It calls itself a museum. There are almost no artifacts. There is, however, a swimming pool you can jump into - filled entirely with sprinkles.
Caption, Vincent Musi style: A grown adult, mid-cannonball into 100 cubic feet of plastic confetti, looking happier than at their own wedding. We did not ask why.
On a Tuesday afternoon in SoHo, a line wraps around 558 Broadway. Inside, a banker in a blazer is wading waist-deep through a pool of antimicrobial plastic sprinkles, and three teenagers are filming it. Nobody is embarrassed. That, more than any pint of ice cream, is the product Museum of Ice Cream actually sells.
Ten years in, the brand is no longer a novelty.

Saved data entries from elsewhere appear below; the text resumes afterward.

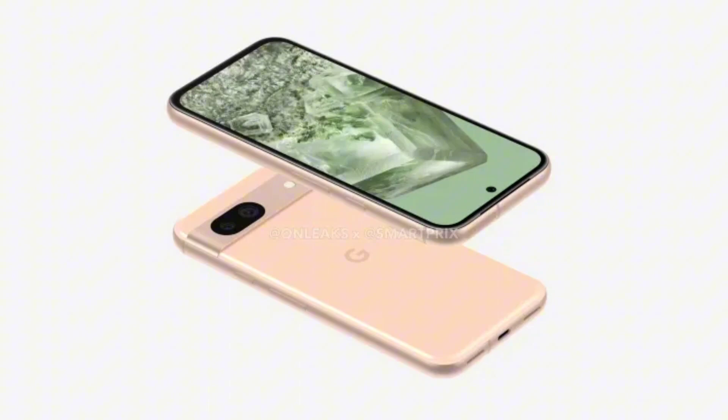The report adds that Google has increased the corner radius on the Pixel 8a, which now measures 128px instead of 47px on last year's model. This is in line with the leaked renders that already revealed the design change.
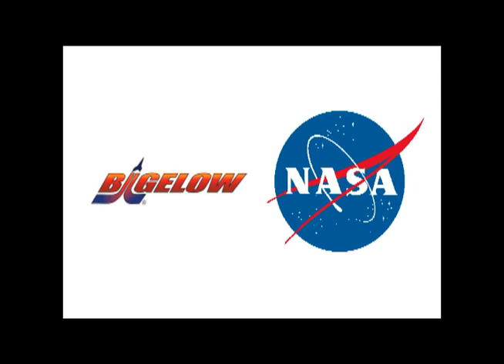Hey, everybody. This is Dan Hewitt with NASA Public Affairs down at the Johnson Space Center. We are here to talk to you today about BEAM. I'm joined in the room by Jason Kruzan, the director of NASA's Advanced Exploration Systems; Lisa Kalk from Bigelow Aerospace; and Kenny Todd, our operations integration manager for the International Space Station program.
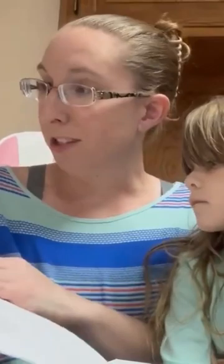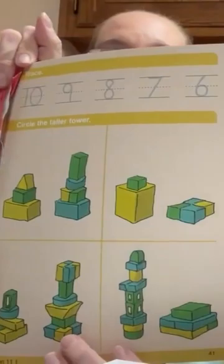The math we use is Math with Confidence. She is on it right now — I rip all these pages out. We're doing 'circle the taller tower,' taller, shorter. She's done a lot of math already: addition, subtraction — we've kind of done all that.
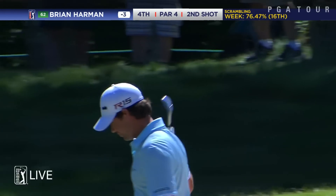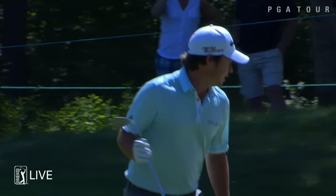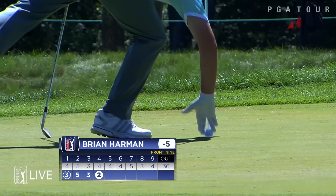Oh, look at that. It was a smart play. What a shot by Brian Harman. Last week at the Barclays during our PGA Tour live coverage, he made a hole-in-one at 14.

It is a chain - permanent locations in New York, Chicago, Miami, Boston, and Singapore, with Las Vegas and Los Angeles on the way. Its parent company, Figure8, prefers the word "experium" to "museum," which is the kind of word you invent when you have raised $40 million and need to explain what you are. The honest description is simpler: it is a building you buy a ticket to walk through, eating unlimited ice cream, taking photographs of yourself being delighted.

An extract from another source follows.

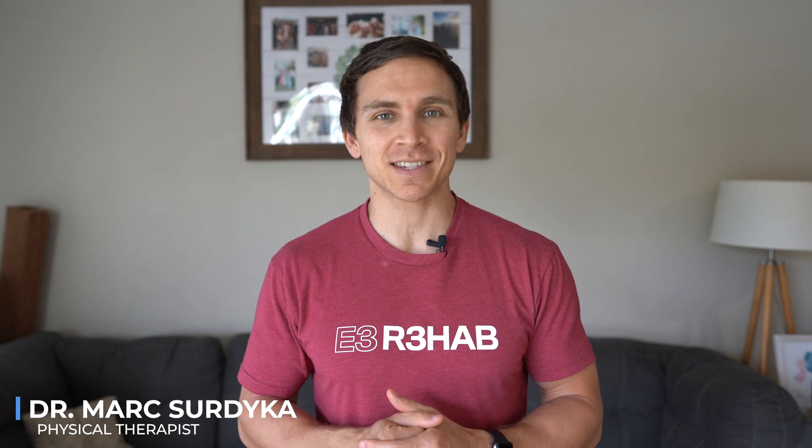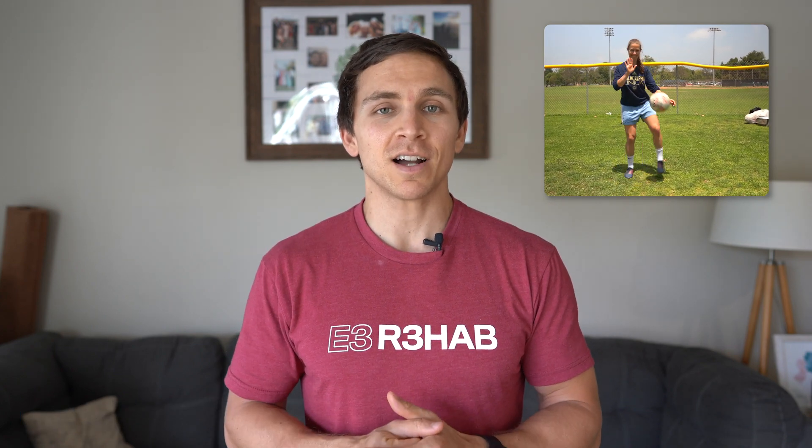Welcome to E3 Rehab. I'm Dr. Mark Sertica, physical therapist, and today I'll be joined once again by Dr. Nicole Sertica to talk about why leg extensions are actually quite functional and should be incorporated as part of a comprehensive rehab program for individuals who have had an ACL reconstruction.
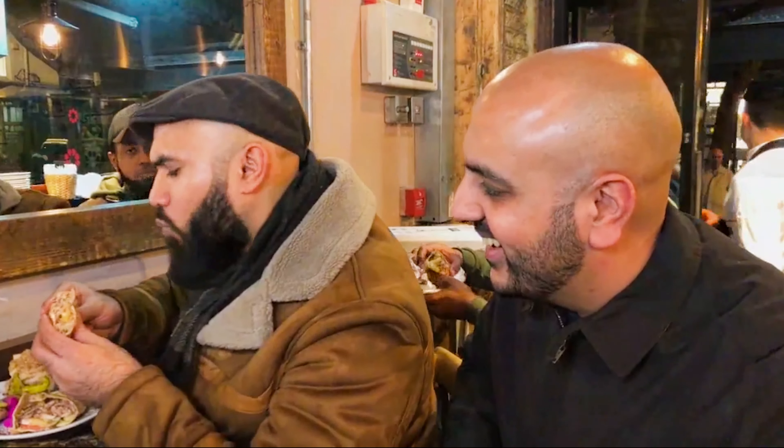We are a family-owned business bringing London the taste of Palestine and Lebanon. We have three branches — this one has been here around four years, we've got another one in High Holborn and one in Waterloo. Our shawarma is the best in town. The meat comes fresh every day from Smithfield market and we add a twist of Lebanese spices. Come try it and judge it.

The skepticism writes itself. A museum with nothing to study. An attraction whose main attraction is the gift shop's worth of photos you generate for free. And yet millions of people have paid, queued, and posted. The interesting question isn't whether it's silly. It's why the silliness keeps working.

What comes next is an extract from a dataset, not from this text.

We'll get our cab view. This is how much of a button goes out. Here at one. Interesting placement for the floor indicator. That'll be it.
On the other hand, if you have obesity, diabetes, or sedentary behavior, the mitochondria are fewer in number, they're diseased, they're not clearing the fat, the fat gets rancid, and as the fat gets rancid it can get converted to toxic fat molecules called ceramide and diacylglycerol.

Here is the tension the founders bet on: somewhere around adulthood, joy gets rationed. We schedule it, justify it, apologize for it. The culture had plenty of places to be impressed, educated, or fed. It had very few places designed only to make a grown person feel like a delighted seven-year-old - in public, on purpose, without a single ironic asterisk.
Maryellis Bunn noticed the gap from inside the machine. Working on forecasting and innovation at Time Inc., she watched a generation pour its attention into shareable moments while the physical world stayed stubbornly un-photogenic. Most spaces were built to be used. Almost none were built to be felt - and then posted.
In 2016, Bunn - then in her mid-twenties - opened a summer pop-up in Manhattan's Meatpacking District. She partnered with Manish Vora, a former investment banker and ex-CEO of the art platform Lightbox, who could translate whimsy into a P&L. Her instinct for the feeling, his instinct for the model. It was, on paper, a seasonal lark.
The lark sold out almost immediately. The wait-list ran into the hundreds of thousands. The bet underneath was contrarian and a little absurd: that an experience built to be photographed wasn't a marketing tactic for some other product - it was the product. Treat the customer's phone as the distribution channel, and the customer becomes the salesforce. Free.
The experience is a choreographed walk through themed rooms, each engineered for a different sensation and a different photo. You ride the Creamliner, a 1960s-style airline cabin that only serves dessert. You drift through Pinkmas, a holiday snow globe in the wrong color. You graze treat stations, sip something at the cafe and bar, and eventually arrive at the Sprinkle Pool - the icon, the climax, the thing on the postcard.
The details are the point. The sprinkles are antimicrobial plastic, not sugar, so no, you can't eat them - a fact every guest learns the hard way. There are vegan options, a kitchenette, kids' activities, birthday parties, group bookings. The brand extends past the doors too: a cosmetics line with Sephora, branded pints once sold at Target and Albertsons, and a 2025 home-and-fragrance collaboration with The Hotel Collection.
Skeptics like receipts, so here are a few. The $40M Series A in 2019 was led by Elizabeth Street Ventures and Maywic Select Investments, with OCV Partners joining - investors who don't typically write checks for art projects. The valuation landed at $200 million. Apollo data pegs estimated annual revenue near $91 million across roughly 340 employees.
The partnerships read like a brand that figured out it wasn't only a venue. Sephora put it on a beauty shelf. Grocery freezers carried its pints. Design studio The Working Assembly rebuilt its identity into the now-signature pink-and-red. Each one is a small proof that the feeling travels - that you can bottle "delight" and sell it somewhere other than the front door.
Strip away the pink and the stated mission is almost earnest: reignite childlike joy, imagination, and play - and use those feelings to get people to connect, in person, with each other. Figure8's whole thesis is that millennials and Gen-Z, raised on screens, are starved for physical spaces worth showing up to. The museum is the proof of concept; the "experium" is the franchise.
It hasn't been frictionless. The brand has weathered criticism - including over a 2020 Black Lives Matter installation and workplace concerns - reminders that selling joy at scale is harder than it photographs. A company built on feeling good gets held to the standard of being good, which is a fair trade.
Every few years, someone announces the death of experiential marketing. The pop-up is over, the trend is exhausted, the selfie is passe. And every few years, Museum of Ice Cream quietly opens another permanent location and proves the obituary was premature. The lesson generalizes well beyond dessert: in an economy drowning in digital, the scarce thing is a reason to leave the house.
Back in that SoHo lobby, the banker climbs out of the sprinkle pool, plastic confetti in his collar, grinning at his phone. He paid for the ticket. He'll do the marketing for free. He had, by every measure he can articulate, a genuinely good time. The museum didn't teach him anything about ice cream. It reminded him he was allowed to have fun - and that, it turns out, is a thing people will line up around the block to buy.